There are, of course, exceptions. Gamble singles out the Qantas American Express Discovery Card, which has no annual fee and delivered $169 of rewards on that average spend. And card fees can vary substantially.
But with the average standard card costing just $44 a year, many average spenders are paying a high price for the meagre rewards they receive.
Gamble says reward cards should be avoided altogether if you don't pay your account balance off in full each month.
The interest charged on reward cards is generally much higher than on standard credit cards, with many reward cards charging interest of about 20 per cent - a level that would more than cancel out any reward benefits.
Gamble says you need to be honest with yourself about reward cards. If your spending habits justify such a card and you pay your account in full each month, a reward card could work for you. He says if you spend more than $50,000 a year, you could even benefit from a platinum card. But for an average spender, or someone who pays interest on their credit card debt, a standard card will generally be better.
How can I tell if the reward card I have is the best one for me? Gamble says you need to look at your lifestyle. If you fly a lot, a frequent flyer-based card may be good value, but he says many people choose frequent-flyer rewards when they would probably be better off with other rewards such as gift vouchers.

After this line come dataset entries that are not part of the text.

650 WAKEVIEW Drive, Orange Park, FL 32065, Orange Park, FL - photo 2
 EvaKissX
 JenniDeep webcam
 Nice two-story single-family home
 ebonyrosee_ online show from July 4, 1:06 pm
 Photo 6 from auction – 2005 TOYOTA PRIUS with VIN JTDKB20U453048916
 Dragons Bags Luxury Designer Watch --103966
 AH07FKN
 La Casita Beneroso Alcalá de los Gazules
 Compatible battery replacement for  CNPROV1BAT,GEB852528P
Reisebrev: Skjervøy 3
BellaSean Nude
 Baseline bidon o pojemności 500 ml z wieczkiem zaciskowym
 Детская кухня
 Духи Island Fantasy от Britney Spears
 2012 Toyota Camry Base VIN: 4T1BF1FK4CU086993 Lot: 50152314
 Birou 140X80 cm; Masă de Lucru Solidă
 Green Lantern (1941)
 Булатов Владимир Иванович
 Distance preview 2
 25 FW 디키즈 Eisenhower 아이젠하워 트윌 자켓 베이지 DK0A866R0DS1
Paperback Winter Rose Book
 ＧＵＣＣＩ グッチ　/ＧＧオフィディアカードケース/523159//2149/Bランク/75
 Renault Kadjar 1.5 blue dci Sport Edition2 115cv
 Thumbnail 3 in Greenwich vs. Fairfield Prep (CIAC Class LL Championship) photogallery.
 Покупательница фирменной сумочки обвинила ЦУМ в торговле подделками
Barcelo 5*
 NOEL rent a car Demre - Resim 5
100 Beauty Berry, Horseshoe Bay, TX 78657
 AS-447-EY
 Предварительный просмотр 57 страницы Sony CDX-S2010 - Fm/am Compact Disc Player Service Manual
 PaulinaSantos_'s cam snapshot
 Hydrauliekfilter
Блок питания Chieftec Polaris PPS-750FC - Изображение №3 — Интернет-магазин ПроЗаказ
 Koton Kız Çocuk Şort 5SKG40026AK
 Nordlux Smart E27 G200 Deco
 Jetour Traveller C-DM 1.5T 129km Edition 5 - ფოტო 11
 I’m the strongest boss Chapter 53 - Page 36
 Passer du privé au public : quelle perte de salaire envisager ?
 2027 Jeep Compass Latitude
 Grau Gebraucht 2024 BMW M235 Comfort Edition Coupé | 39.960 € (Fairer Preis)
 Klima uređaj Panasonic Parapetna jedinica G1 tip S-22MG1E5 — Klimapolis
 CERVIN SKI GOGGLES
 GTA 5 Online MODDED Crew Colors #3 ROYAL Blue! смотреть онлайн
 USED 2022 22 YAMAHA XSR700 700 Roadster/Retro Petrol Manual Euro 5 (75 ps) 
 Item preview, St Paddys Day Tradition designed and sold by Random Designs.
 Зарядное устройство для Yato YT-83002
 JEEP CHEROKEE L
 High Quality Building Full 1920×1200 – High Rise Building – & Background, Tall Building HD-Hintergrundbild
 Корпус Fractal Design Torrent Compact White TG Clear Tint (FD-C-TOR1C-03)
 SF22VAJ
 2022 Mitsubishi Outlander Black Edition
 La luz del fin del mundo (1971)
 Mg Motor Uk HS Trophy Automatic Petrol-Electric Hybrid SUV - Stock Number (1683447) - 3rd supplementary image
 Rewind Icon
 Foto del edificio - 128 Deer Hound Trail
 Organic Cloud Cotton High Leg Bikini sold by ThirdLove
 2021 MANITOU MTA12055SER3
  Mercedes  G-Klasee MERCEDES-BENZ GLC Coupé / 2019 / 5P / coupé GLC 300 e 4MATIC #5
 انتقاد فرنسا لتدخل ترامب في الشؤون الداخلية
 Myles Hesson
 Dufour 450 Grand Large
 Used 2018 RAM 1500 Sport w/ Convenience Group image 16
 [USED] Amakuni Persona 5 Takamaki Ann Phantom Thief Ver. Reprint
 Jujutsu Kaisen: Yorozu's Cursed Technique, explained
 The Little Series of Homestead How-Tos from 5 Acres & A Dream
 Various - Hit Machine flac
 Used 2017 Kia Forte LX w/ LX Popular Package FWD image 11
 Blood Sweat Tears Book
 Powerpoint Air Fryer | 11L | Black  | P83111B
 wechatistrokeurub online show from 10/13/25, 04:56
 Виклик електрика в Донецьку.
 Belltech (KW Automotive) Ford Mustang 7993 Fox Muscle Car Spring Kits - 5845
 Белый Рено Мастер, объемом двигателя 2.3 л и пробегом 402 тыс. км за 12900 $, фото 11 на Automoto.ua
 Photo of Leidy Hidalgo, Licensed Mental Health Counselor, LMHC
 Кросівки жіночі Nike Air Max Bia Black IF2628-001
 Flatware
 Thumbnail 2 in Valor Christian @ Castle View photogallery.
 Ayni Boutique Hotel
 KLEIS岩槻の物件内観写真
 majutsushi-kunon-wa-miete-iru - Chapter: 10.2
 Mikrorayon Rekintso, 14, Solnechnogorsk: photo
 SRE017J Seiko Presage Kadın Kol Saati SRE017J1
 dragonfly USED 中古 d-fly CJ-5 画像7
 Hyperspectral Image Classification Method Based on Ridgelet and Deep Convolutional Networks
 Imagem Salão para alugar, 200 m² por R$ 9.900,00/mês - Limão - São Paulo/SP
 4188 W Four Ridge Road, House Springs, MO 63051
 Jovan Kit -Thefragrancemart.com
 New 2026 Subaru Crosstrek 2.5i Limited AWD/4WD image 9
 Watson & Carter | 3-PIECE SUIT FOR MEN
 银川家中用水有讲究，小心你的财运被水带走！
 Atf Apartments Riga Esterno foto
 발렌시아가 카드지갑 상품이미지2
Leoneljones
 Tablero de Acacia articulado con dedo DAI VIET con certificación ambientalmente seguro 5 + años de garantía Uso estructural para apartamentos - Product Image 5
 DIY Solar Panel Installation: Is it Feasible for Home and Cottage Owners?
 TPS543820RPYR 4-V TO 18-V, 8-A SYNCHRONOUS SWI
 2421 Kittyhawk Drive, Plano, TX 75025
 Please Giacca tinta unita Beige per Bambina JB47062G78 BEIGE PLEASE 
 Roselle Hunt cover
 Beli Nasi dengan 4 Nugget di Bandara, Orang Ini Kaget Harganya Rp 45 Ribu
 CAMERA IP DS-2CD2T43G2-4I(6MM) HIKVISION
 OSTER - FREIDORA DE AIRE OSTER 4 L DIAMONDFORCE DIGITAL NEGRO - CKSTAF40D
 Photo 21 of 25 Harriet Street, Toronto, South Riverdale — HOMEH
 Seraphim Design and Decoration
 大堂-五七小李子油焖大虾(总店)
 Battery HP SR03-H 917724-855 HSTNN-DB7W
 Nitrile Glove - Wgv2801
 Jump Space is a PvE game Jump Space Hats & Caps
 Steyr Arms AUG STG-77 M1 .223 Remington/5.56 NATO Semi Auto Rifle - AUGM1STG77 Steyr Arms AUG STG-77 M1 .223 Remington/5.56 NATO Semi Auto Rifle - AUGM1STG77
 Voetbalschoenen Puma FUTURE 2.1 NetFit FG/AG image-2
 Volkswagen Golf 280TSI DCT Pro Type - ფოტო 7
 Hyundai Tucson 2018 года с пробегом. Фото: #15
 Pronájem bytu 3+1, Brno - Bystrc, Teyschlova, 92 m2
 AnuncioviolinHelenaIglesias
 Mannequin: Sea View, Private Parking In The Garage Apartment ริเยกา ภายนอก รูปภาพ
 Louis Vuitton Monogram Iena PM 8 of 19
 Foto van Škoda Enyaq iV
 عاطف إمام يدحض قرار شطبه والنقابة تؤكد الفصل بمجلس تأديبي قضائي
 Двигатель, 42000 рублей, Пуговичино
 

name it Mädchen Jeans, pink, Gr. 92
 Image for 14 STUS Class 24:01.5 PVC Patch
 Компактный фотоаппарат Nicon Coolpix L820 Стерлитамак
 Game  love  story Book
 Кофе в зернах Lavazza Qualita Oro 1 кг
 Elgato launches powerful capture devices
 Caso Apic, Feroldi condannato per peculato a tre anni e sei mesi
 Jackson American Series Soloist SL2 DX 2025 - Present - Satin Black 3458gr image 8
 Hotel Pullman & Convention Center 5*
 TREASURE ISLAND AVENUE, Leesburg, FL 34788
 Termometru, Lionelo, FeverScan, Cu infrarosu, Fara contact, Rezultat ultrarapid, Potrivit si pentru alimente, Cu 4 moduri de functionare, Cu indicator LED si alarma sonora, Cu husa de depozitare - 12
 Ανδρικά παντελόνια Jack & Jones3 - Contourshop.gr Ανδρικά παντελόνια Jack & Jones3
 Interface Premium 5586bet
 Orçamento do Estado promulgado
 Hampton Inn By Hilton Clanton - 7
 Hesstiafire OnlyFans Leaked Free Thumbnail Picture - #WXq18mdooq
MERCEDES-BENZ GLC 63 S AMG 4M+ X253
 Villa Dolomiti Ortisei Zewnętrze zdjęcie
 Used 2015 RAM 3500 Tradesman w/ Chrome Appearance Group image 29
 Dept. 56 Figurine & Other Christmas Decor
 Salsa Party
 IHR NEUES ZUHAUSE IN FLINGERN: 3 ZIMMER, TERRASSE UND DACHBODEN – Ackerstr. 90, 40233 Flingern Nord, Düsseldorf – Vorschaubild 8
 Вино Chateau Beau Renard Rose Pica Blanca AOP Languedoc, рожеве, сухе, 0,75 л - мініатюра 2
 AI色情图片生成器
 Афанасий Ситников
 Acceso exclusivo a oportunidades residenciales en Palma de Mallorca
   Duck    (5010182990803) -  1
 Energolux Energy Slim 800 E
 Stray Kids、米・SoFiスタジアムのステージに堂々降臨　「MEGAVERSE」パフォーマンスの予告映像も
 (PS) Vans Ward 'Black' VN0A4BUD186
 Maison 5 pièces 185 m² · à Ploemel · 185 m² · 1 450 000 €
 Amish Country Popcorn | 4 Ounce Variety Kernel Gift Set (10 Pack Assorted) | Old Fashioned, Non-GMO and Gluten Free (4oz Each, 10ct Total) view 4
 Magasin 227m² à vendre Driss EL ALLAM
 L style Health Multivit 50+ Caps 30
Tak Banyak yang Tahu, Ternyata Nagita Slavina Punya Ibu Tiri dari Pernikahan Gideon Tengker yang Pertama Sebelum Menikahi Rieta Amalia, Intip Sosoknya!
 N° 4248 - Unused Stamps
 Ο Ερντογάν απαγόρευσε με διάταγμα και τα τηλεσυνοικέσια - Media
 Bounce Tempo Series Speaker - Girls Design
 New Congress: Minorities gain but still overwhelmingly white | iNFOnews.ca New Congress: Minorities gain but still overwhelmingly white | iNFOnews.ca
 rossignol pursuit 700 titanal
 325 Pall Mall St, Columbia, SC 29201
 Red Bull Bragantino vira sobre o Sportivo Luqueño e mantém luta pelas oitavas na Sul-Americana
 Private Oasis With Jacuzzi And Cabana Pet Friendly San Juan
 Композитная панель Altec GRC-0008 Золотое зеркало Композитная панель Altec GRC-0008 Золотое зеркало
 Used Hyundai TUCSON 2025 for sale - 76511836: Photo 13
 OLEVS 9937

While every scheme is different, he says you would need to spend $14,000 to $16,000 to earn a return Sydney-Melbourne flight. As a broad rule of thumb, you get $100 of value for 10,000 points, valuing the flight at $140-$160. Gamble says there are times when it is cheaper to buy the flight and use your rewards for something else.
If you buy regularly from particular merchants, he says cards offering bonus points for spending with partner companies can provide a better deal, but you need to look carefully at your spending habits.
He says offers of 5000 or 10,000 bonus points if you sign up for a card can also be attractive, but you need to remember they are only a one-off. It is more important to find a card that suits your spending habits and the type of rewards you want. Mozo has a handy Rewards Revealer at mozo.com.au.